Write out each record in full and exactly as given. Skip any pictures.

[Web page caption snippets]
=======
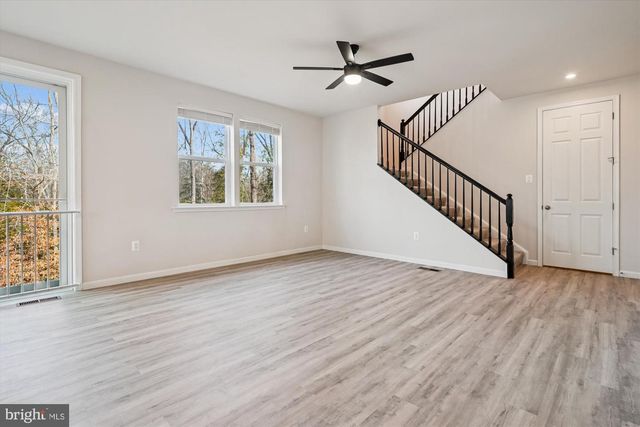 6211 BOBCAT LN, King George, VA 22485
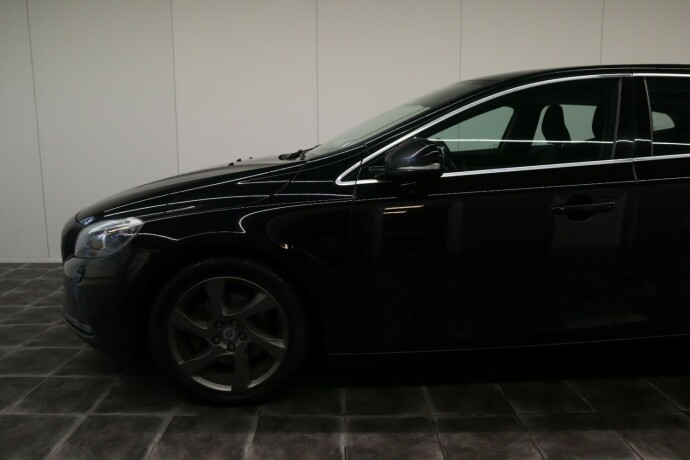 volvo-v40-diesel-2014-big-5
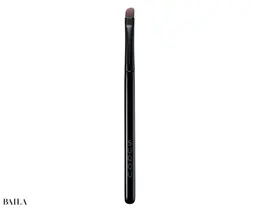 アイライナー ブラシN ￥3300／SUQQU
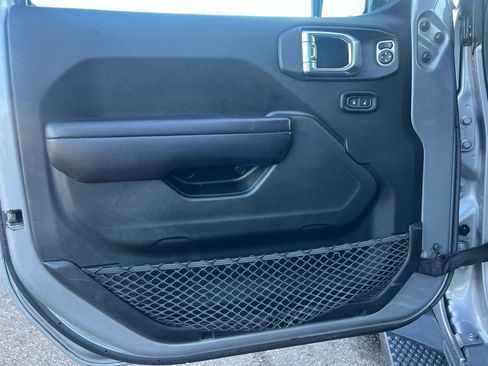 Used 2018 Jeep Wrangler Unlimited Sport S AWD/4WD image 31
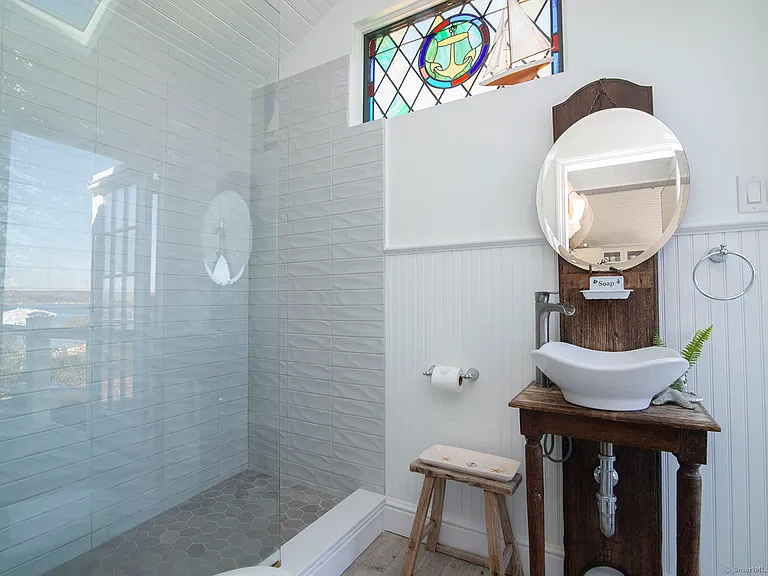 114 Jupiter Point Rd — Photo 17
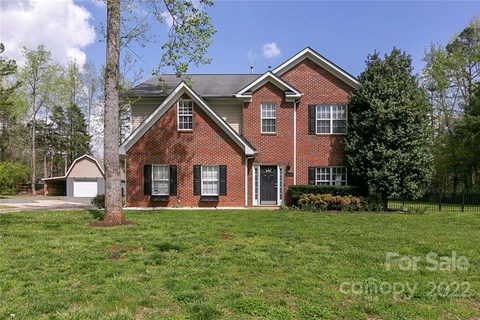9124 Leah Meadow Lane sold home in Dogwood, Charlotte, NC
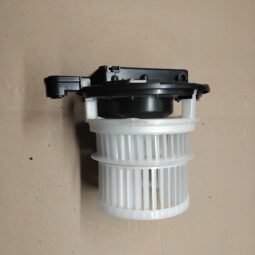 Lexus UX250 2022 Pečiuko ventiliatorius  5610t2 04F18 DENSO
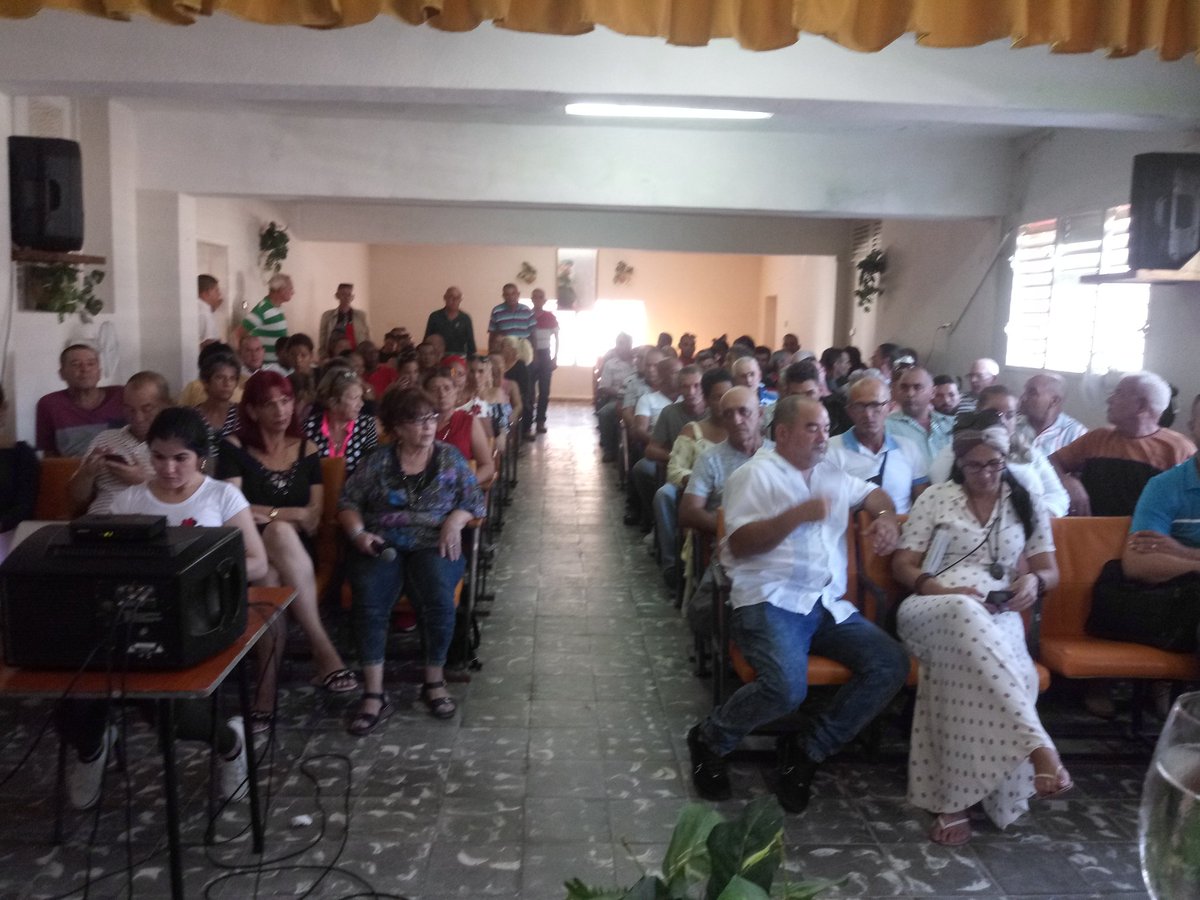 Se efectua III sesion extraordinaria en Asamblea Municipal de Cabaiguán donde fue reelecto Yuniel Castillo Tarancon como Presidente del Consejo Electoral de Cabaiguán.
#Cabaiguán 
#Cabaiguánvapormás
#Sanctispiritusenmarcha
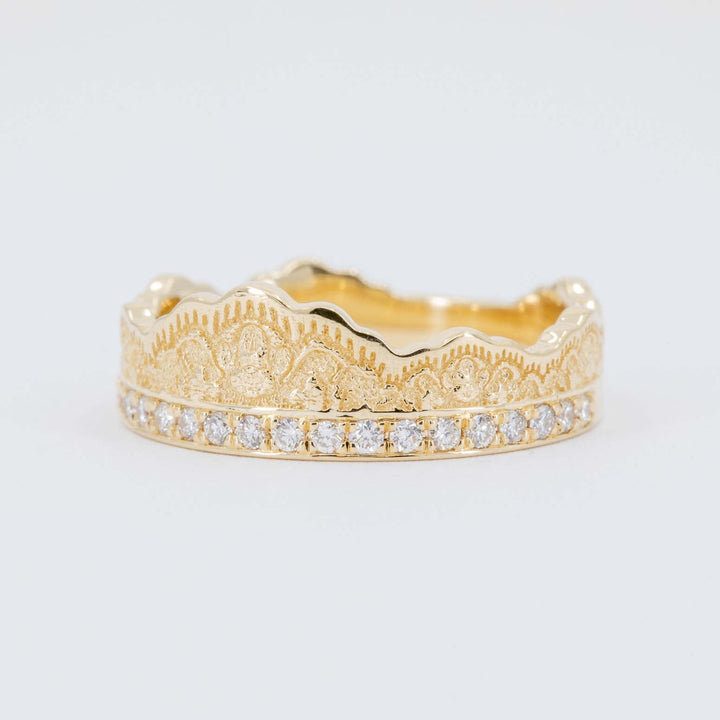 Aarti Lace Crown Wedding Ring with Diamonds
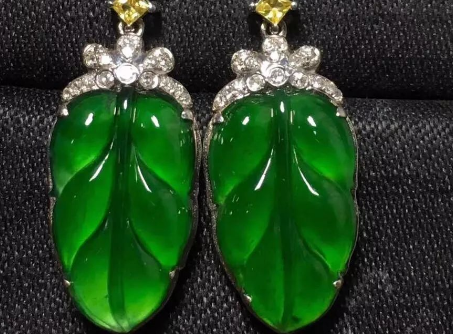 博物馆|翡翠界的“堵”你都知道吗?赌对了的话,身价立马翻倍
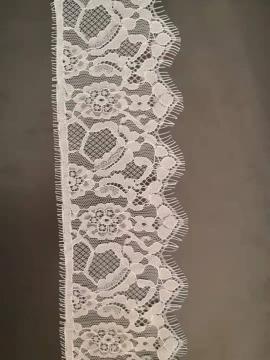 Beauty bride eyelash lace 10.5CM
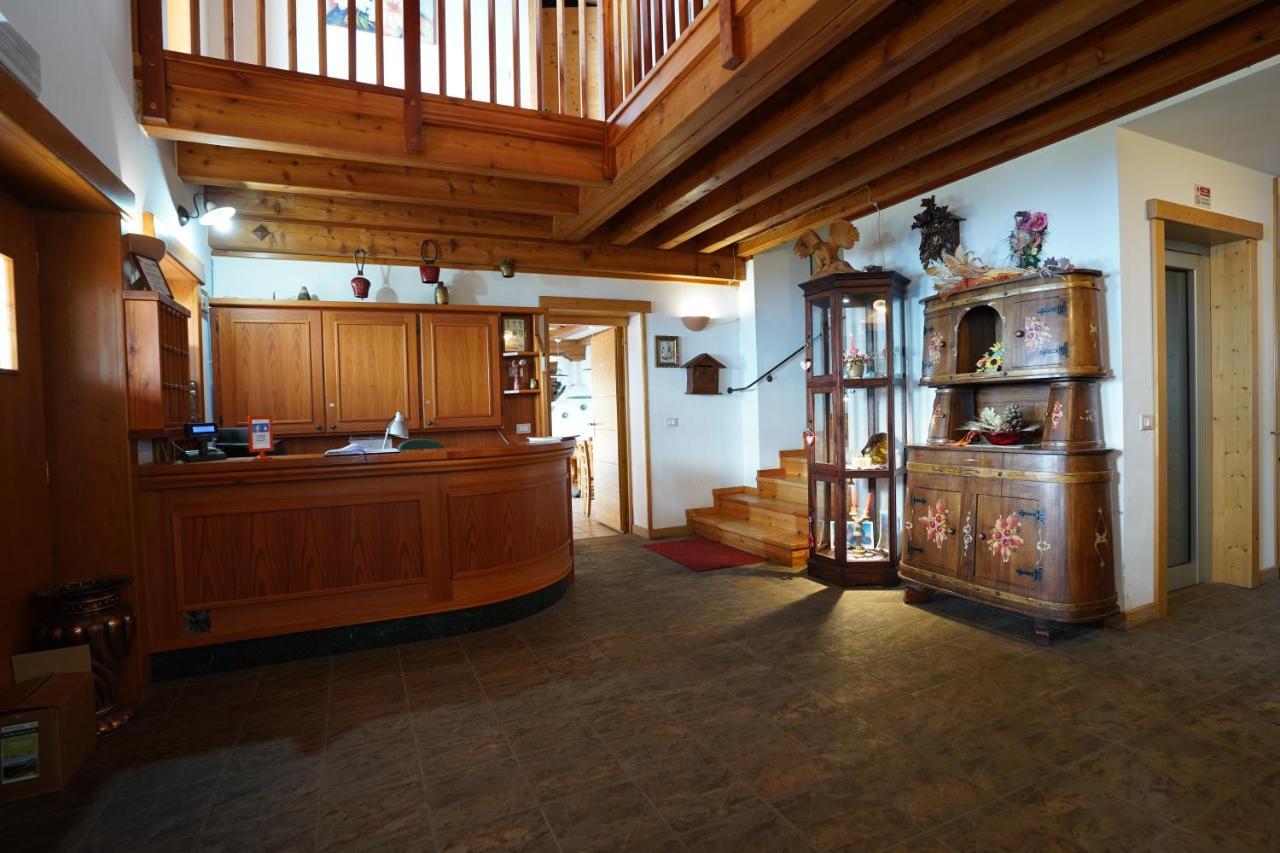 Hotel Rifugio Predaia Ai Todes'ci Tres Esterno foto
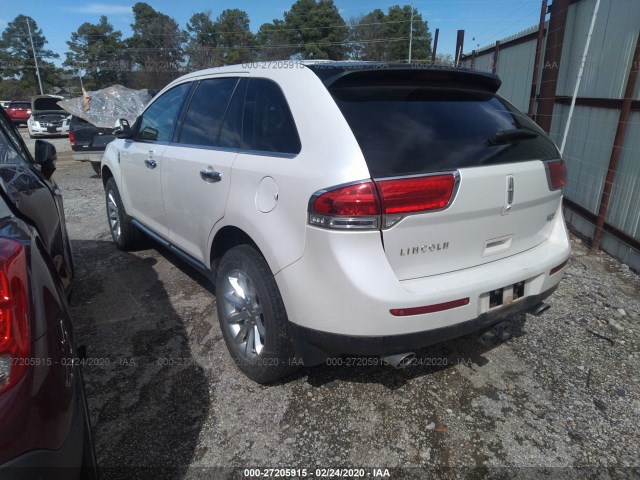 Photo 2 VIN: 2LMDJ6JK0FBL26714 - LINCOLN MKX 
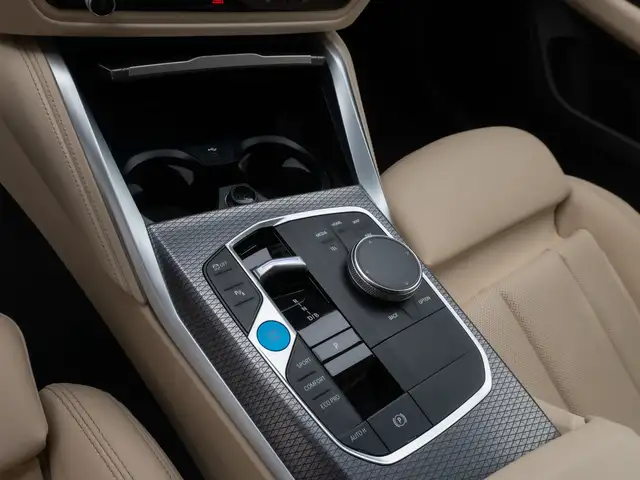 BMW I4 view 22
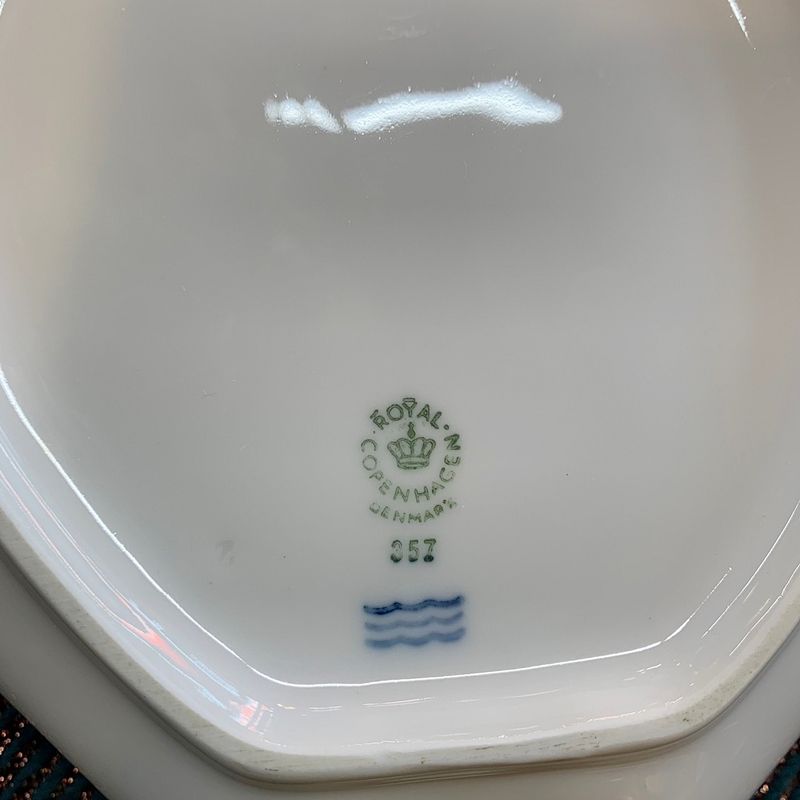 美品　ロイヤルコペンハーゲン　リーフ型ディッシュ ロイヤルコペンハーゲン ホワイト フルーテッド ハーフレース リーフ型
=======
◆ **ANSWER BOX**:
 6211 BOBCAT LN, King George, VA 22485
 volvo-v40-diesel-2014-big-5
 アイライナー ブラシN ￥3300／SUQQU
 Used 2018 Jeep Wrangler Unlimited Sport S AWD/4WD image 31
 114 Jupiter Point Rd — Photo 17
9124 Leah Meadow Lane sold home in Dogwood, Charlotte, NC
 Lexus UX250 2022 Pečiuko ventiliatorius  5610t2 04F18 DENSO
 Se efectua III sesion extraordinaria en Asamblea Municipal de Cabaiguán donde fue reelecto Yuniel Castillo Tarancon como Presidente del Consejo Electoral de Cabaiguán.
#Cabaiguán 
#Cabaiguánvapormás
#Sanctispiritusenmarcha
 Aarti Lace Crown Wedding Ring with Diamonds
 博物馆|翡翠界的“堵”你都知道吗?赌对了的话,身价立马翻倍
 Beauty bride eyelash lace 10.5CM
 Hotel Rifugio Predaia Ai Todes'ci Tres Esterno foto
 Photo 2 VIN: 2LMDJ6JK0FBL26714 - LINCOLN MKX 
 BMW I4 view 22
 美品　ロイヤルコペンハーゲン　リーフ型ディッシュ ロイヤルコペンハーゲン ホワイト フルーテッド ハーフレース リーフ型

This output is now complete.